In its first year, the pilot program, Lights of Our Future served 217 students in one school. The next year, the program expanded to three schools and served 691 students in year two, followed by 617 students in three schools in year three. At the conclusion of the programs in the first and second years, students were asked to come up with ideas about what they could do to achieve sustainable living by saving energy. With saving energy often comes financial savings, giving students a more tangible idea of additional benefits to saving energy. Ideas included walking, using self-driving vehicles, taking public transportation, and more. The goal of the end project was to include the entrepreneurial and financial literacy pillars of the JA program, as well as allow students to explore different ideas and use their creativity.

In year three, the program lessons were more or less identical, but the final project goal was more specific: If students were given $500, how would they use those funds to protect the earth?
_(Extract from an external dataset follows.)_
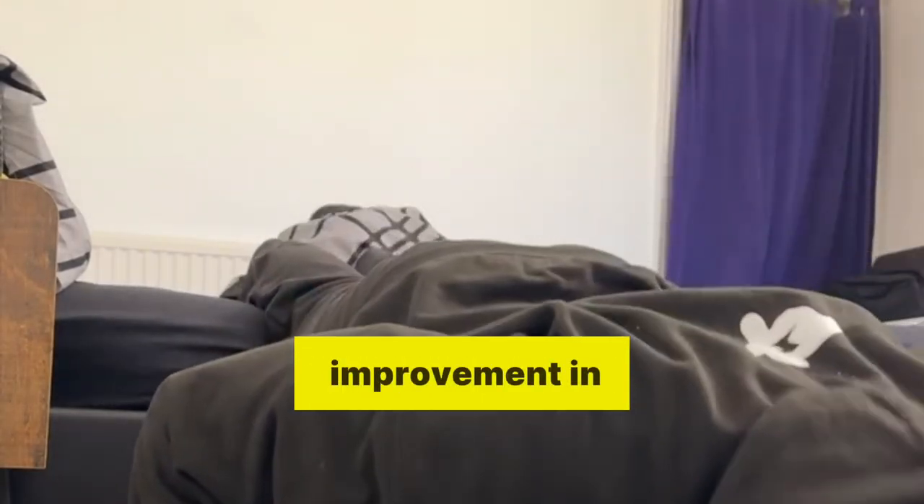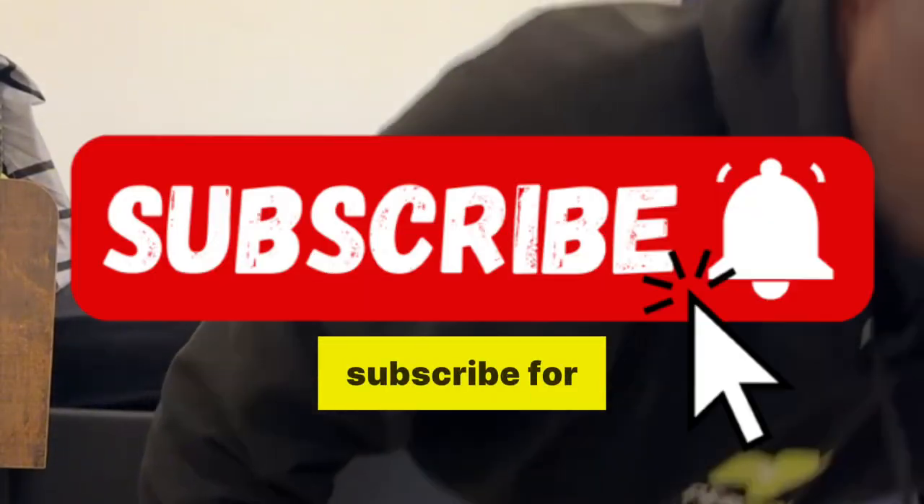Great job today. Remember, consistency is your best friend in fitness. Keep practicing and you will see improvements in no time. Don't forget to share this with your friends and subscribe for more fitness tips, and let me know in the comments what you'd like to see next.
They might propose limiting water or energy usage, new methods for waste reduction, or something else. After the six lessons, students broke into teams of three or four and submitted their projects. Proposals could be presented as scrapbooks, PowerPoint presentations, posters, handicrafts, videos, photographs, or other visual representation. JA Singapore staff reviewed the projects and chose the top three from each school, and then held a competition where the students presented their ideas to a panel of judges, which included school principals, the schools’ heads of science, JA Singapore president Hau Yee Ng, and a representative of the NEA.


Competition objectives included helping students understand the value of money—particularly how creating a sustainable environment may involve initial cost but result in savings in the long run; creating greater awareness of the surrounding environment, promoting creativity by letting imaginations explore and create ideas about sustainability ideas and the freestyle proposal format; encouraging students to put what they learn into practice; promoting teamwork; and building confidence through public speaking and friendly competition.

Judging criteria looked at the how implementable an idea was, the level of creativity, measurability of the proposed project, monetary savings, and visual design. The top teams from each school received certificates of achievement, and the top three winners of the overall competition received medals and cash prizes courtesy of SABIC. The first-year winners—The Green Ambassadors from Queenstown Primary School—proposed using $500 to purchase and distribute reusable food containers to the students in their school that could be used to bring lunches from home or on which lunch could be served. The containers would eliminate the need for disposable plates in the lunchroom as well as disposable take-away containers.

Expanding Lights of Our Future

SABIC is working with JA offices around the world to bring different iterations of Lights of Our Future to more JA students. In 2019 and 2020, JA students in Belgium, Brazil, China, Egypt, France, Italy, Kenya, Lebanon, Luxembourg, Morocco, Oman, Pakistan, Saudi Arabia, South Africa, South Korea, Spain, Turkey, United Arab Emirates, the United Kingdom, the United States, and Vietnam will get to meet and work with SABIC employee volunteers and learn about issues vital to their own societies and the world at large.